> [Exercise aim]: Would you copy exactly the lines in the data below from the one that has "Similar image 197967" through the one that has "X0000095930101200801110928", dropping any pictures?

[Short descriptive text snippets]
^^^^^^^^
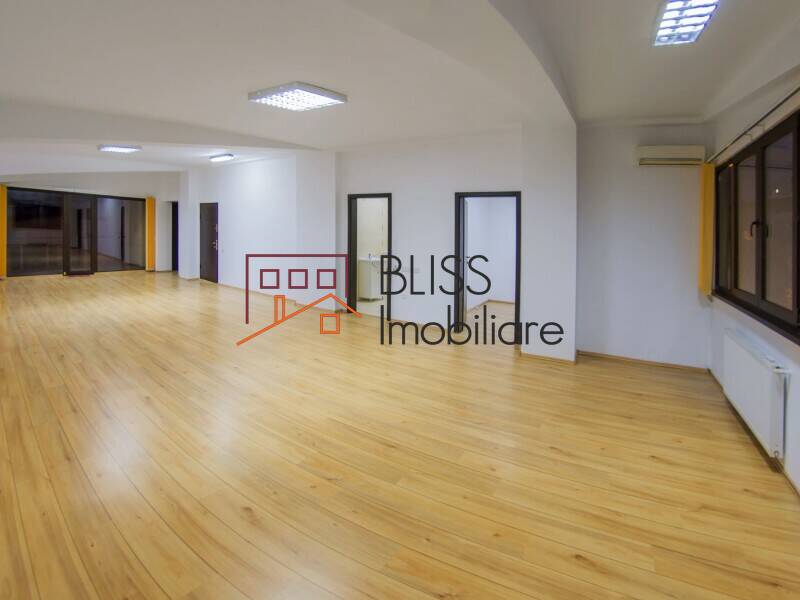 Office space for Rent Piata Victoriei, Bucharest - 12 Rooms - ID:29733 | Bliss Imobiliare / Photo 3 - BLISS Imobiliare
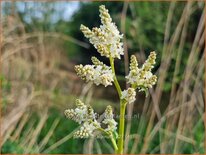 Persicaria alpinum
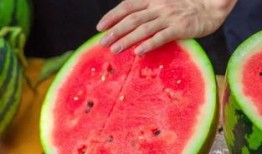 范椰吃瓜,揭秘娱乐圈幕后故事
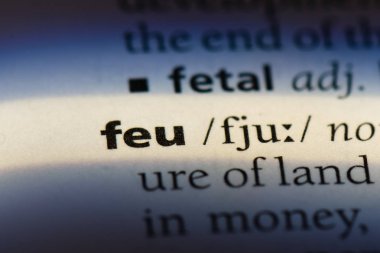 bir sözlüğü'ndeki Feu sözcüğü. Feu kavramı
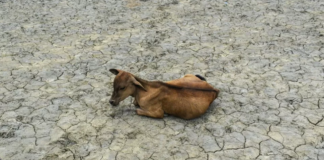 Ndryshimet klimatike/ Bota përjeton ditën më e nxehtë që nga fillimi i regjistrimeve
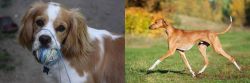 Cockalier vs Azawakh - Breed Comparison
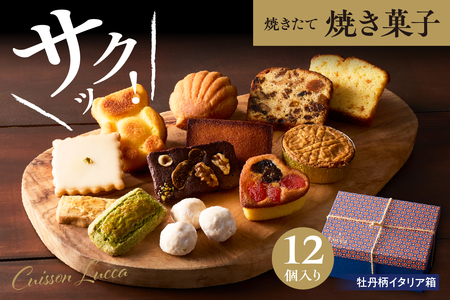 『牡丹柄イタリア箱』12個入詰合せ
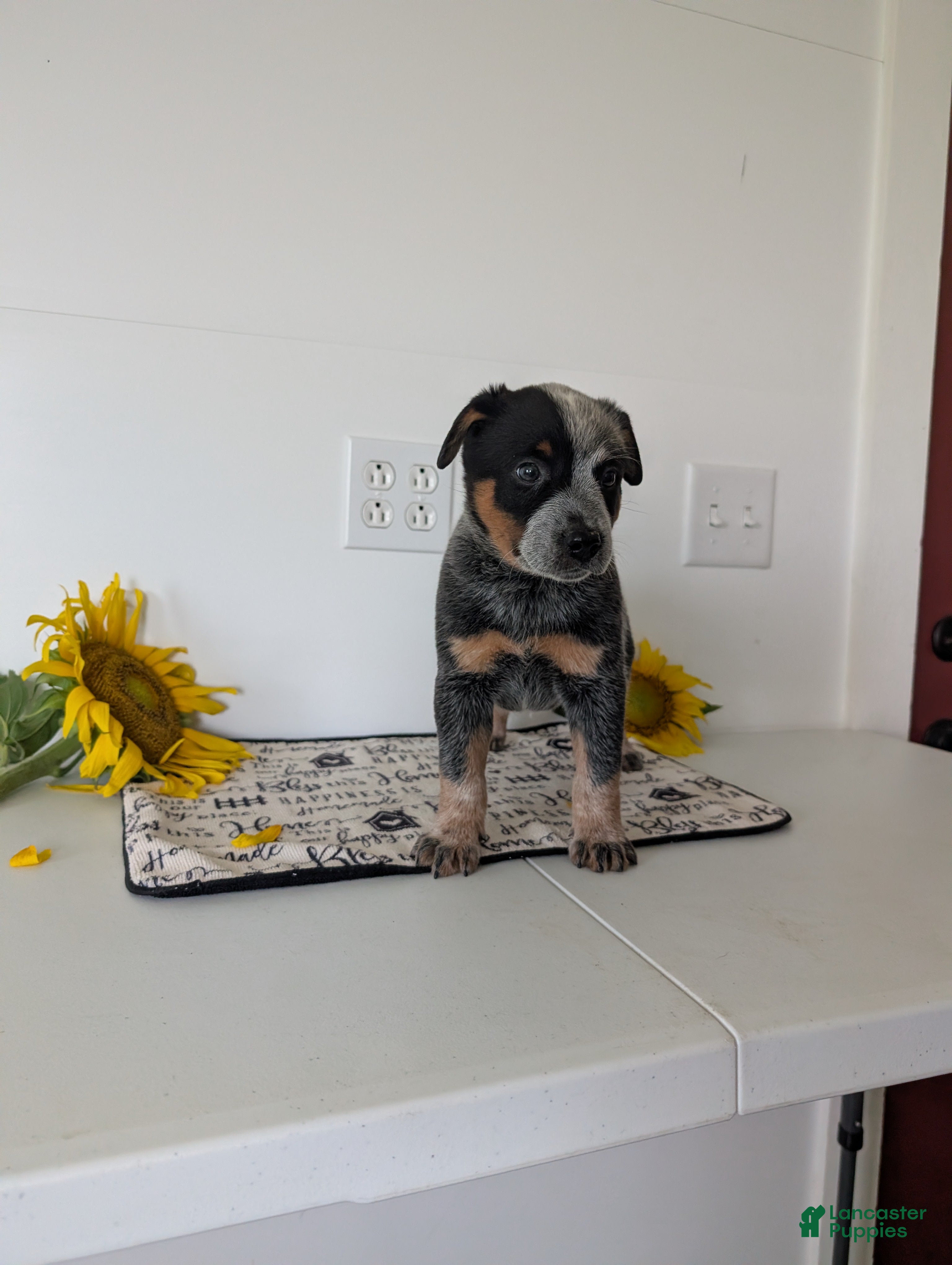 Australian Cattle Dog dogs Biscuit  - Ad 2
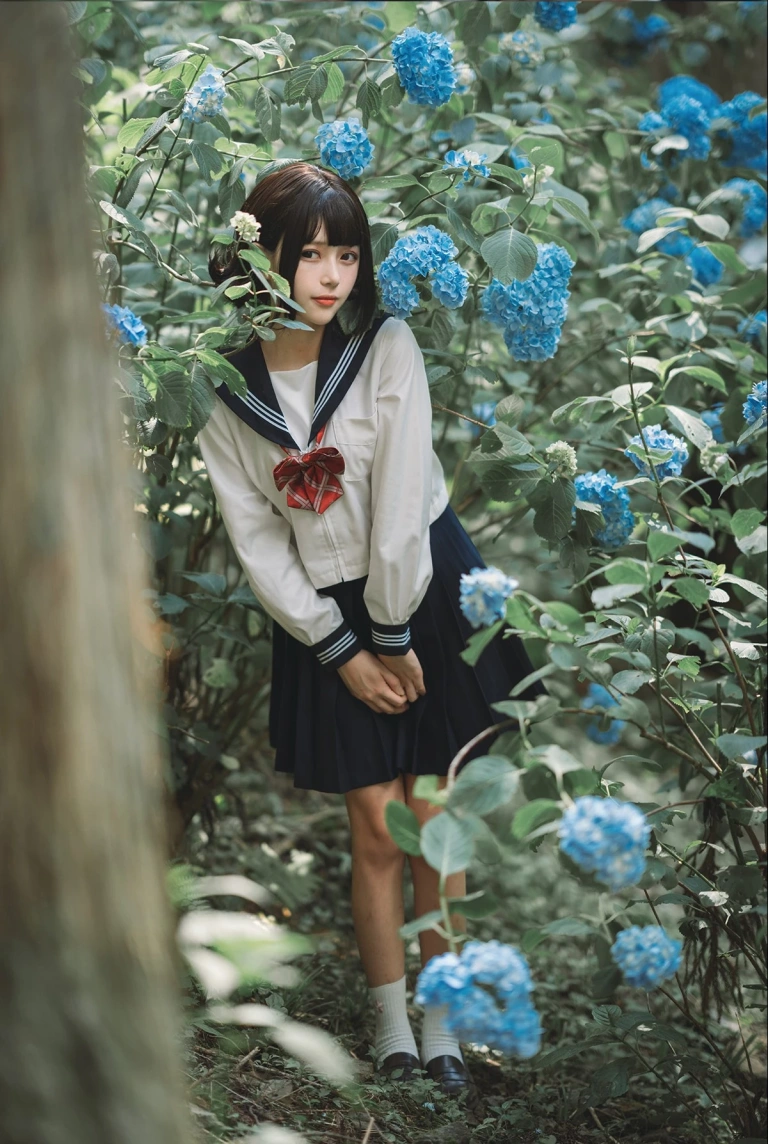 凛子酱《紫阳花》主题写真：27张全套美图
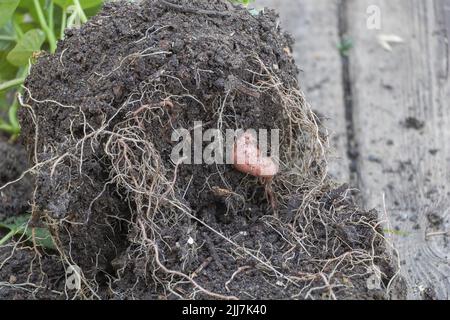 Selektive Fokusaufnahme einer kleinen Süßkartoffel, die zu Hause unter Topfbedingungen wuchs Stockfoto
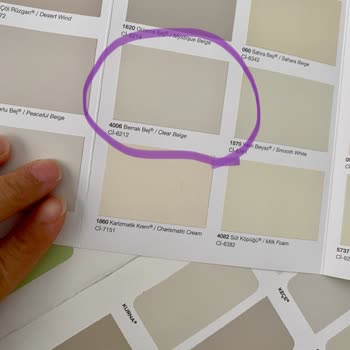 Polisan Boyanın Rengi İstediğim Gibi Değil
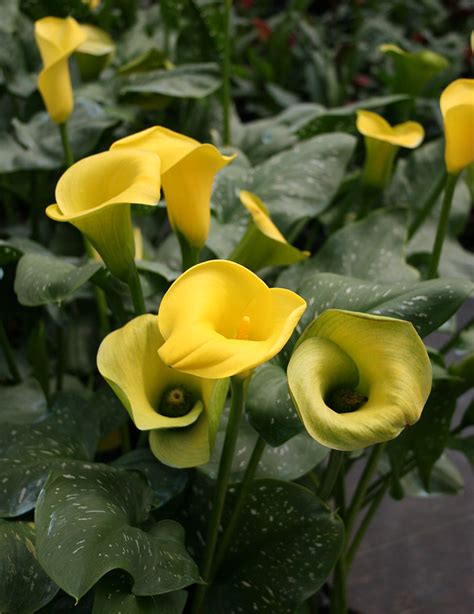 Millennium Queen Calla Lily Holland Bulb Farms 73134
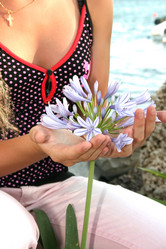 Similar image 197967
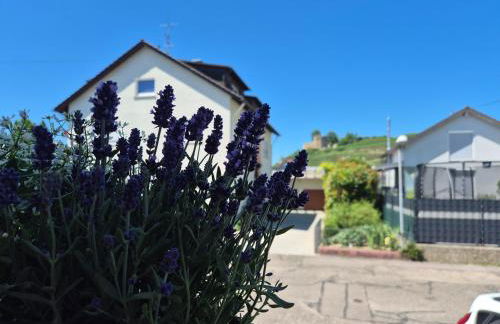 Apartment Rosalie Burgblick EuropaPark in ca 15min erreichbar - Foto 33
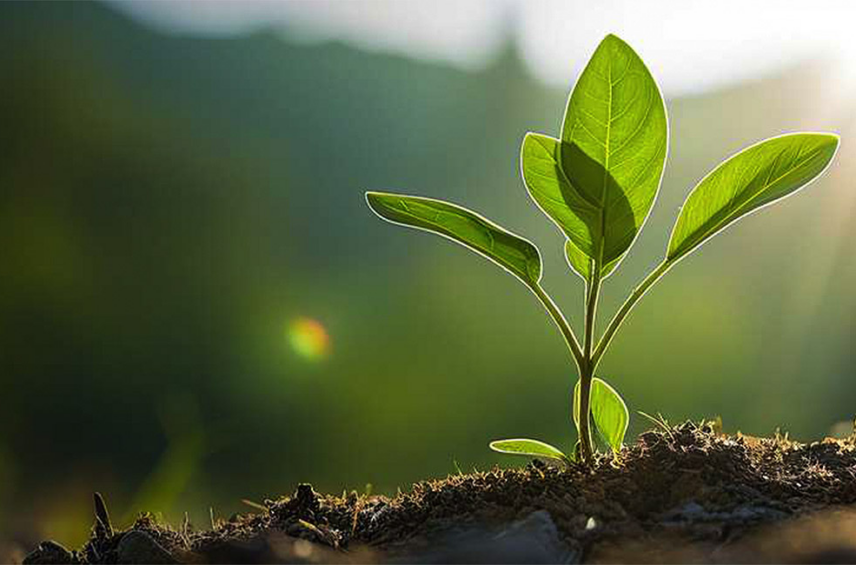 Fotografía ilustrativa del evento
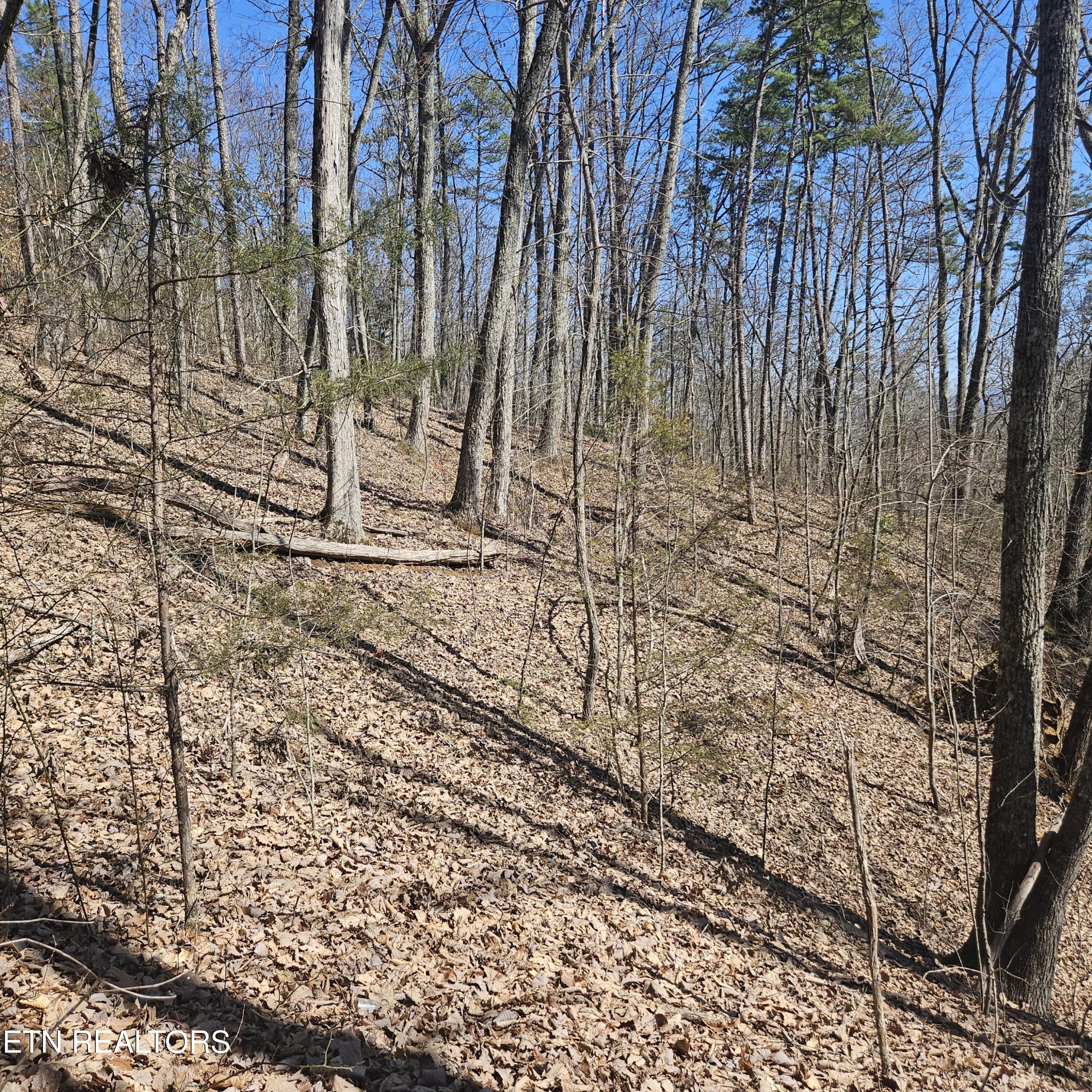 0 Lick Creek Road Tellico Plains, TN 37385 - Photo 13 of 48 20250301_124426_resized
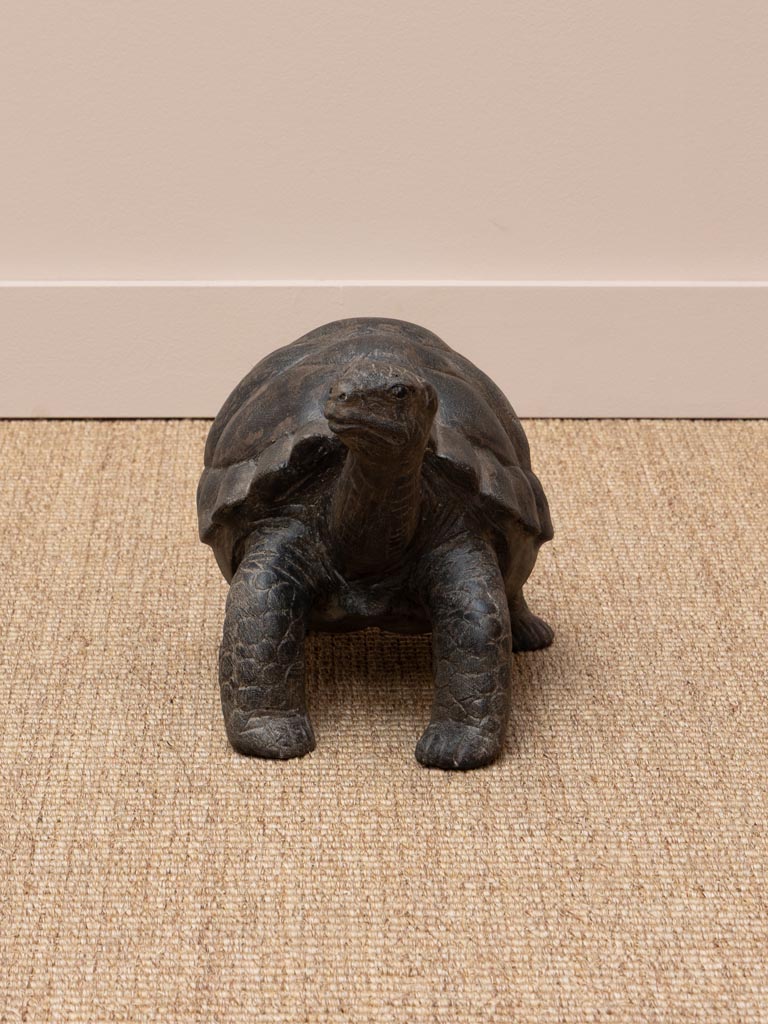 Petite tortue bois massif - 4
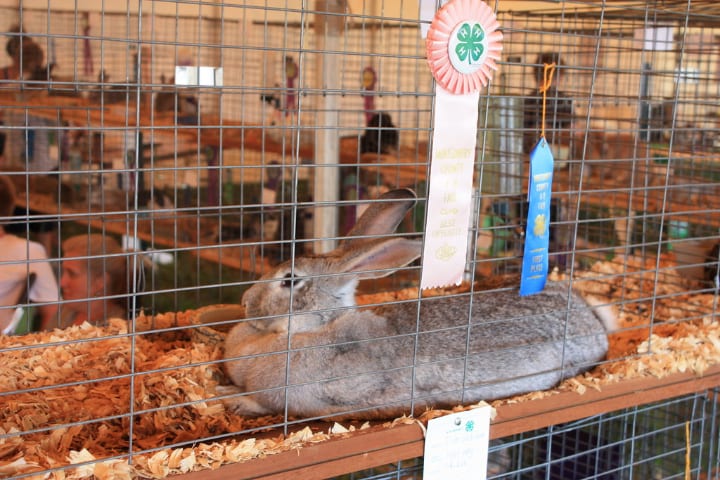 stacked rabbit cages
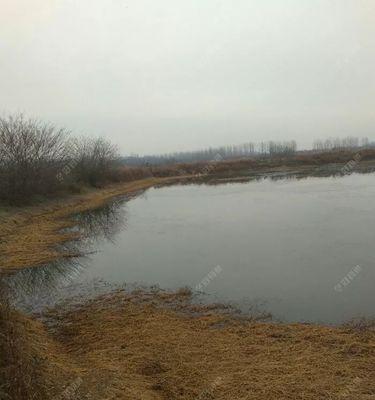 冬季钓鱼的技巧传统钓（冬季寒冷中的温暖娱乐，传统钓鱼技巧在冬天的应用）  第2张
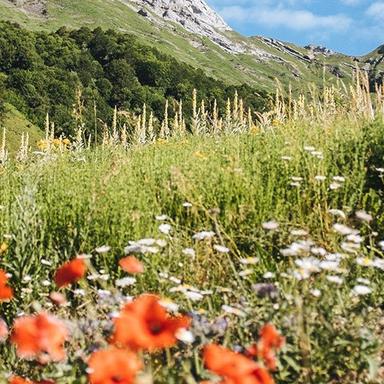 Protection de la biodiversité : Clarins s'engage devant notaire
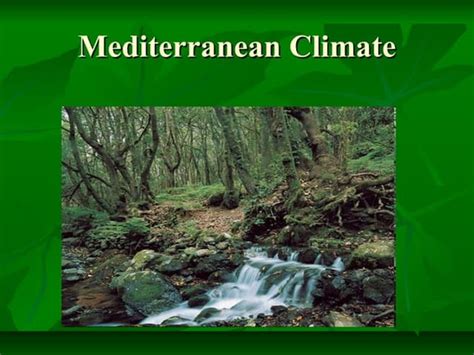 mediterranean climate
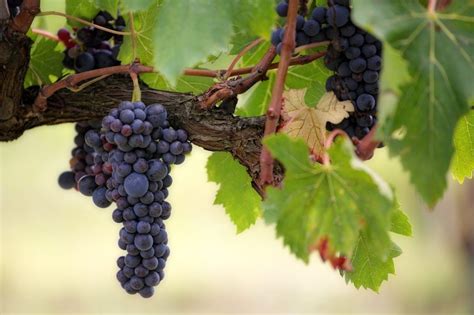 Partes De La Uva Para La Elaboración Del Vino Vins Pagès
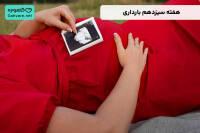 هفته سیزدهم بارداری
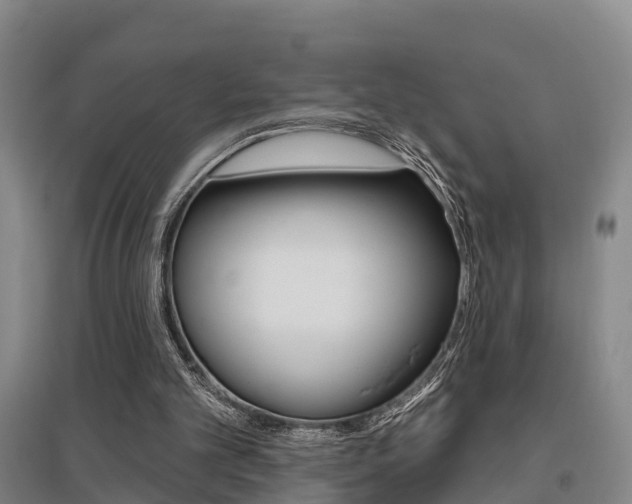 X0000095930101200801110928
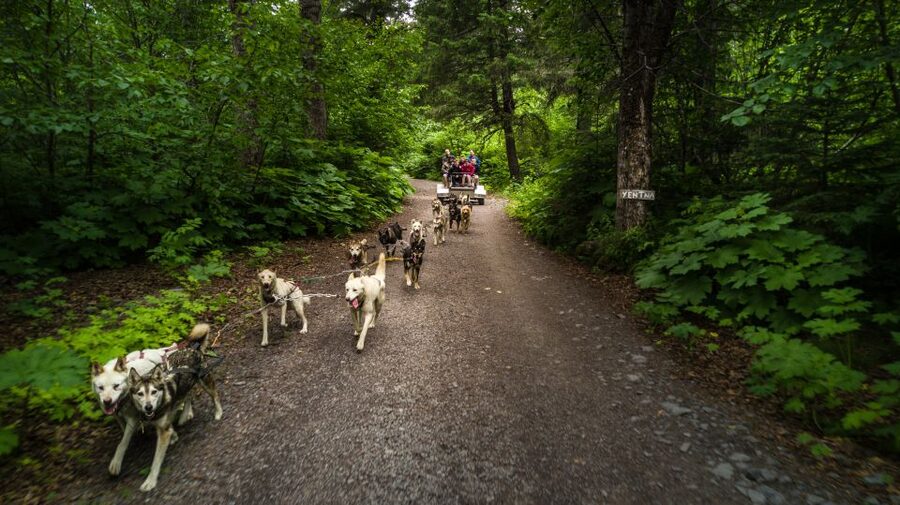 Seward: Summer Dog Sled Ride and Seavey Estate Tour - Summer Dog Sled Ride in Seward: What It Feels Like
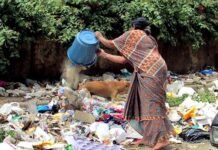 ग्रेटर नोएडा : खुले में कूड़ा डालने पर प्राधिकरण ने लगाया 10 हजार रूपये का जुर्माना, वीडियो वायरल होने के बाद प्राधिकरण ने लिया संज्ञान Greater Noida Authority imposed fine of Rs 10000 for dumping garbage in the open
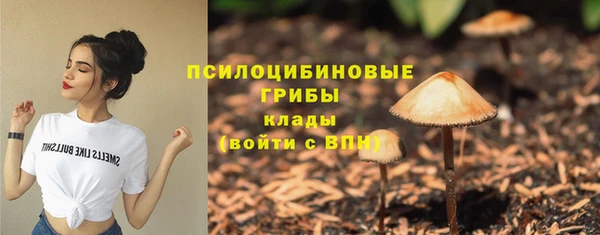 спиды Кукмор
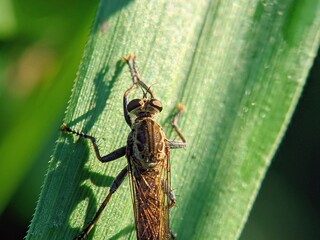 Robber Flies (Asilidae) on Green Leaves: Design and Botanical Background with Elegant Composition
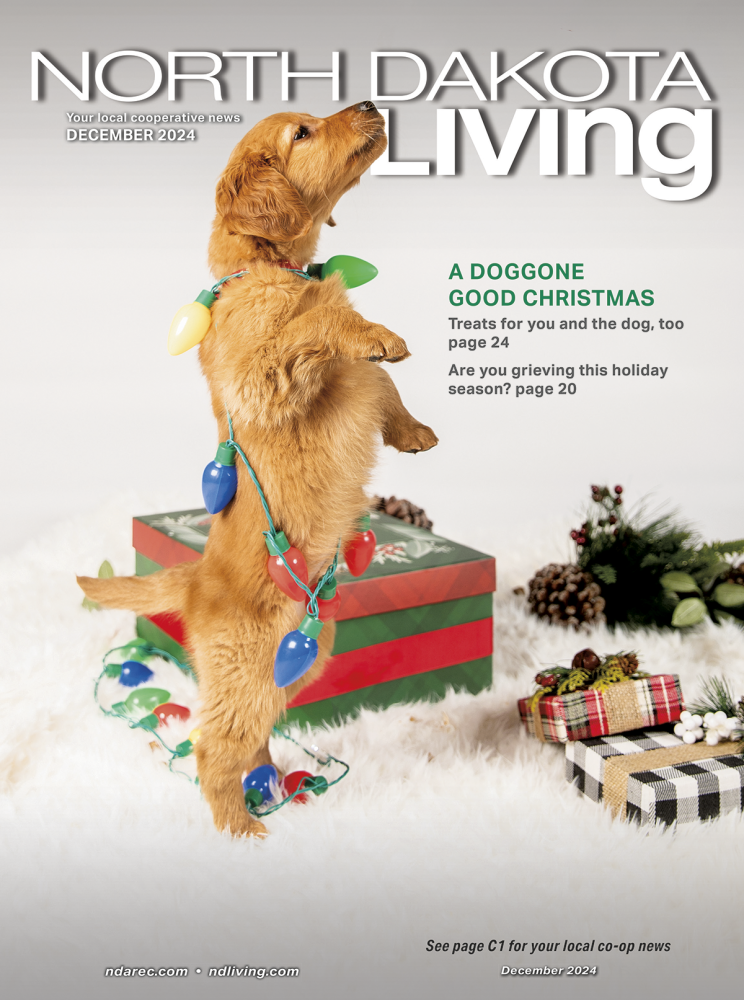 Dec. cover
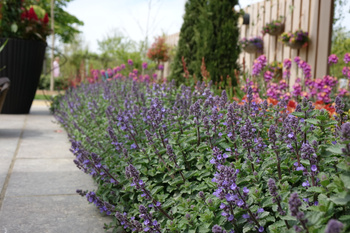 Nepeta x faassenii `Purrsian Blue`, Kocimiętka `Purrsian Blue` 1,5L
^^^^^^^^
> [Output of the exercise]:
 Similar image 197967
 Apartment Rosalie Burgblick EuropaPark in ca 15min erreichbar - Foto 33
 Fotografía ilustrativa del evento
 0 Lick Creek Road Tellico Plains, TN 37385 - Photo 13 of 48 20250301_124426_resized
 Petite tortue bois massif - 4
 stacked rabbit cages
 冬季钓鱼的技巧传统钓（冬季寒冷中的温暖娱乐，传统钓鱼技巧在冬天的应用）  第2张
 Protection de la biodiversité : Clarins s'engage devant notaire
 mediterranean climate
 Partes De La Uva Para La Elaboración Del Vino Vins Pagès
 هفته سیزدهم بارداری
 X0000095930101200801110928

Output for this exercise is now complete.